> What you will do
From the records below, set down exactly the lines starting with the line that contains "16076536 - Property Image 3" and going on through the line that contains "Kit Bluetooth pour". Nothing else is wanted.

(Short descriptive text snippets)

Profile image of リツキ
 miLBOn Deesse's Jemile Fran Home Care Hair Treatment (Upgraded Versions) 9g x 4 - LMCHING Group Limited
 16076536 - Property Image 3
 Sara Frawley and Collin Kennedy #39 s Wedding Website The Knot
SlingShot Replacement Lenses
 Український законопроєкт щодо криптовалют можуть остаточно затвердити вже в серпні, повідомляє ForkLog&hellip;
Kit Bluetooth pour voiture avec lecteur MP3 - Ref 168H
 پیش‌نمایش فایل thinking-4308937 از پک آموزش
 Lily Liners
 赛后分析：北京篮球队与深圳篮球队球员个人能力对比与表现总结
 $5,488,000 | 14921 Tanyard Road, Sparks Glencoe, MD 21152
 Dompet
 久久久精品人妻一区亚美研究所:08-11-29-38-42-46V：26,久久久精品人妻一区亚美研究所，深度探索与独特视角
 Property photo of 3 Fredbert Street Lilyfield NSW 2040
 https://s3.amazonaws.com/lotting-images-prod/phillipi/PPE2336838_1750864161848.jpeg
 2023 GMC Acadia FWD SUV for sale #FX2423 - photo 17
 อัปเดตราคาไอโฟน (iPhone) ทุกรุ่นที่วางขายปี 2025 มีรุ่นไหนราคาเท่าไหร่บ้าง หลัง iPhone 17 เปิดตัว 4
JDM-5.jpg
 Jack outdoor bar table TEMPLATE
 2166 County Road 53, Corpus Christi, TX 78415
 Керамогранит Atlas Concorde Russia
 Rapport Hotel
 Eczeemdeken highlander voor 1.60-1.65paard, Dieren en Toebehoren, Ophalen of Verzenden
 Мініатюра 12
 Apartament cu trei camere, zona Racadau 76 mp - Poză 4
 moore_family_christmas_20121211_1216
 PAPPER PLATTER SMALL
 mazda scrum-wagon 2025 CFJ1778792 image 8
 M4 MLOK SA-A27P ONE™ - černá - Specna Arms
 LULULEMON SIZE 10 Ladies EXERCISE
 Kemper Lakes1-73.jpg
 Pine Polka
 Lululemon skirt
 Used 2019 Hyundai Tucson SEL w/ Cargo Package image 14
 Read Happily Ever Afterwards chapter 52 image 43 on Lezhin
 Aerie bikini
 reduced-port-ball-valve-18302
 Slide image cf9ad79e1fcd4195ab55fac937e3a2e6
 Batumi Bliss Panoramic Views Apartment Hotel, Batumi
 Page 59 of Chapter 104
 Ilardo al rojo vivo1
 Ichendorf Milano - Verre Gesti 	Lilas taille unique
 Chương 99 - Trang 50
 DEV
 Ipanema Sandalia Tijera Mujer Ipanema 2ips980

> Answer
 16076536 - Property Image 3
 Sara Frawley and Collin Kennedy #39 s Wedding Website The Knot
SlingShot Replacement Lenses
 Український законопроєкт щодо криптовалют можуть остаточно затвердити вже в серпні, повідомляє ForkLog&hellip;
Kit Bluetooth pour voiture avec lecteur MP3 - Ref 168H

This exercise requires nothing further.